── Given records ──
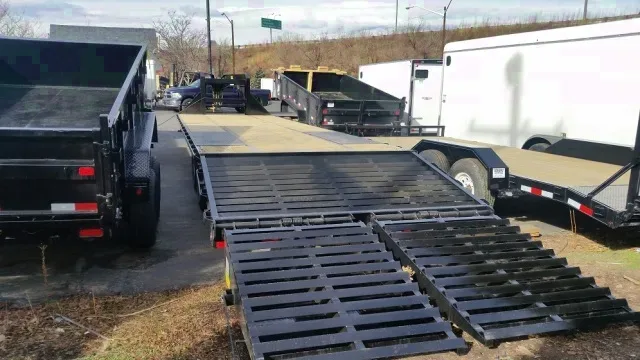25ft Plus 5 Foot Dovetail Gooseneck Flatbed Trailer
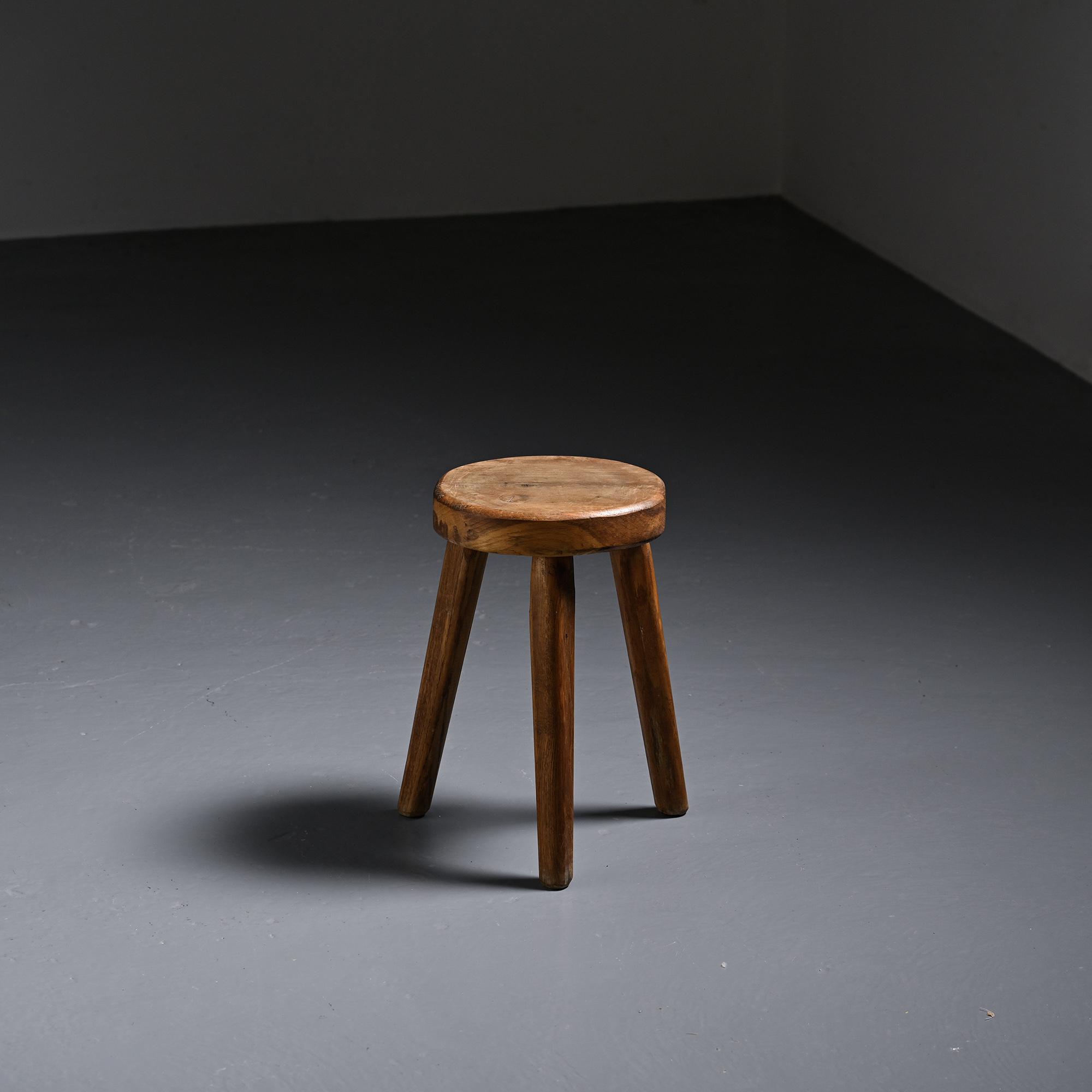 Tripod stool in solid wood, Alpine craftsmanship, 1950s.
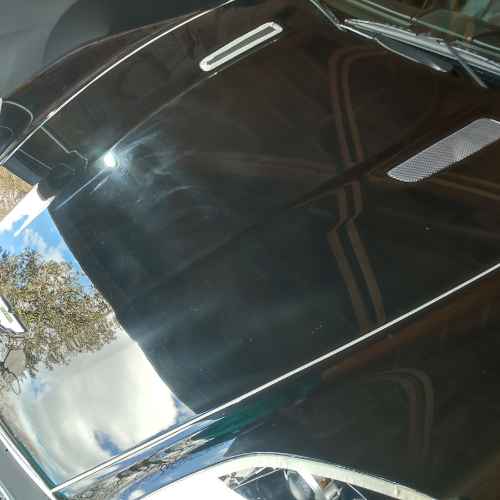 Capot Aston Martin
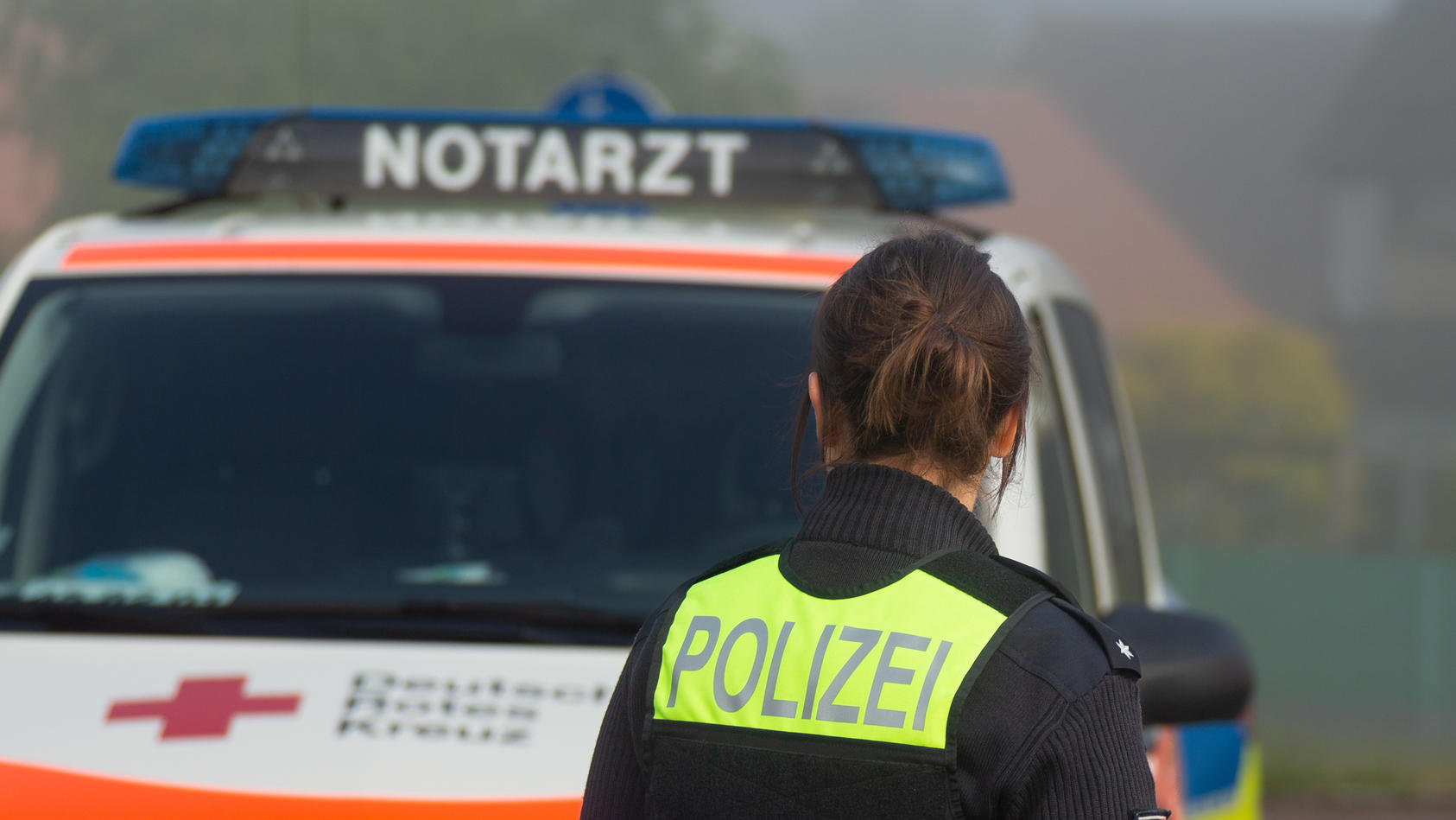 Furchtbarer Unfall in Bayern - Getränkelaster fährt auf Schulgelände - Mädchen (11) tot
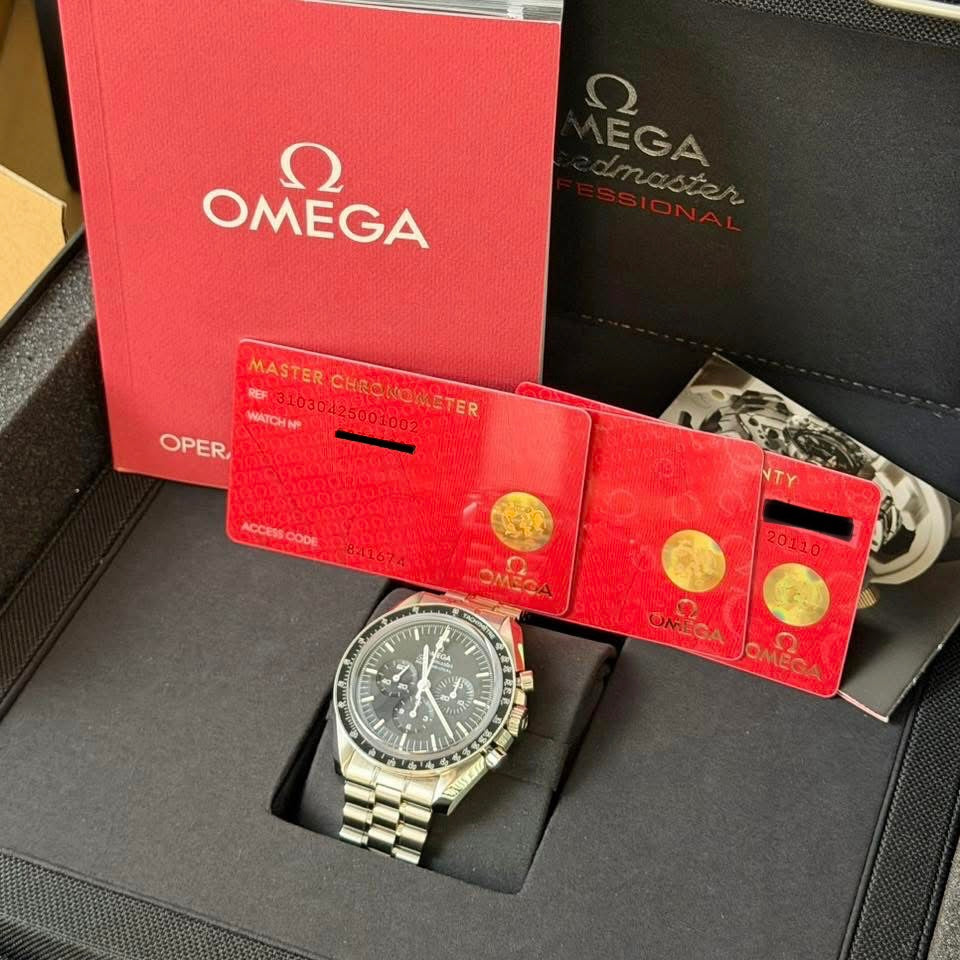 Omega Moonwatch Speedmaster Sapphire 310.30.42.50.01.002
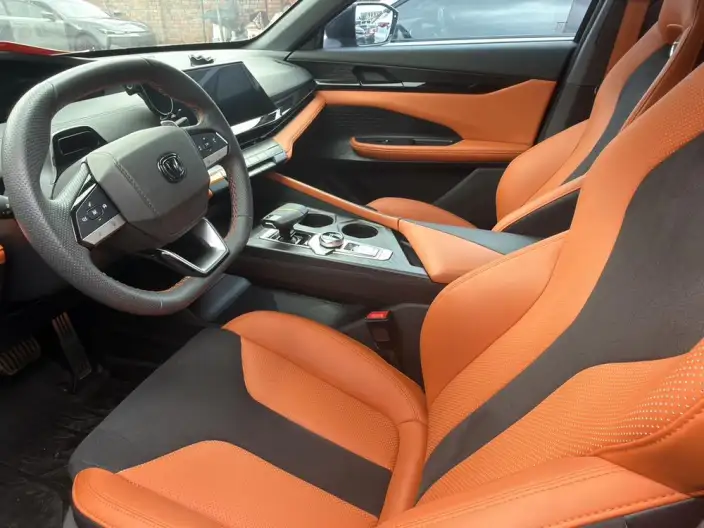 Changan UNI-V 2023 Model 1.5T Sports Edition – фото 9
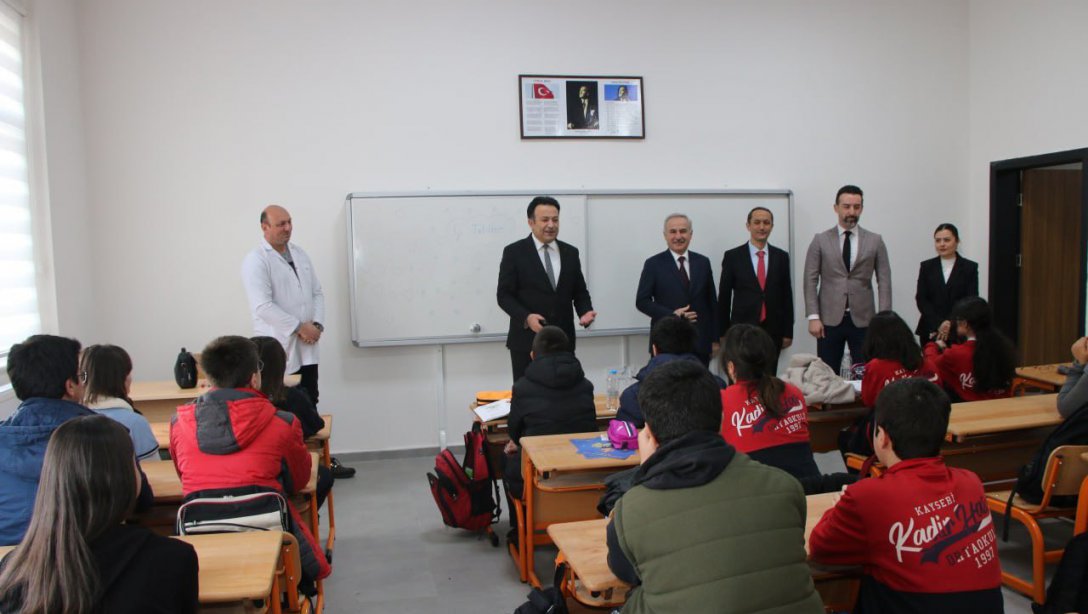 İl Milli Eğitim Müdürü Sayın Bahameddin Karaköse ve İlçe Milli Eğitim Müdür V. Sayın Adnan Göllüoğlu ikinci dönemin ilk gününde Kadir Has Ortaokulu öğrencileriyle bir araya geldi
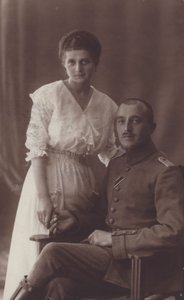 Portræt af en soldat og hans kone (s/h foto) af European Photographer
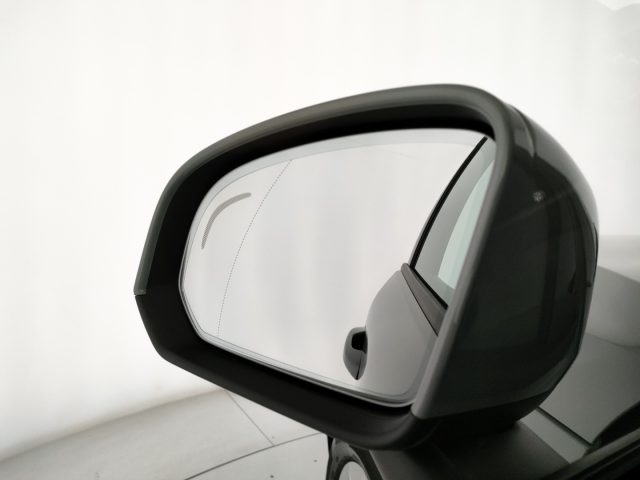 VOLVO XC40 usata, con Volante in pelle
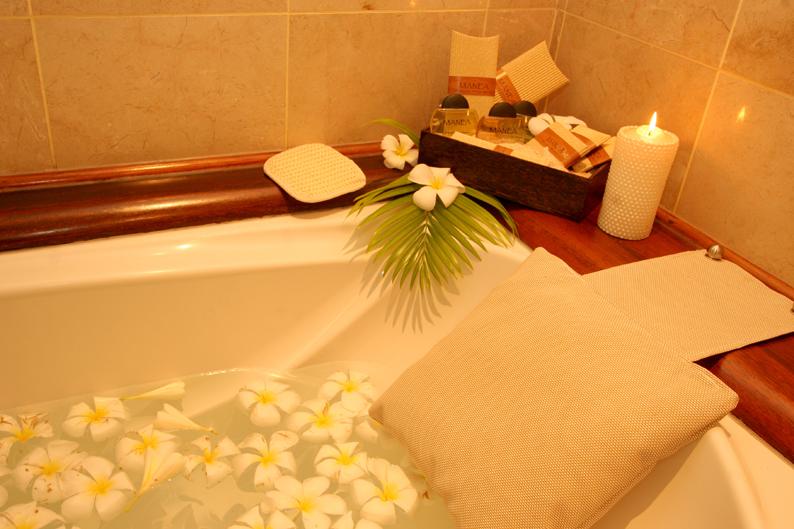 Kombinace - Manava Beach Resort ****, Moorea, Intercontinental Resort **** Tahiti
───
### Work required
Leaving every picture out, return the lines from the one containing "İl Milli Eğitim" through the last line of the records exactly.

### Exercise output
 İl Milli Eğitim Müdürü Sayın Bahameddin Karaköse ve İlçe Milli Eğitim Müdür V. Sayın Adnan Göllüoğlu ikinci dönemin ilk gününde Kadir Has Ortaokulu öğrencileriyle bir araya geldi
 Portræt af en soldat og hans kone (s/h foto) af European Photographer
 VOLVO XC40 usata, con Volante in pelle
 Kombinace - Manava Beach Resort ****, Moorea, Intercontinental Resort **** Tahiti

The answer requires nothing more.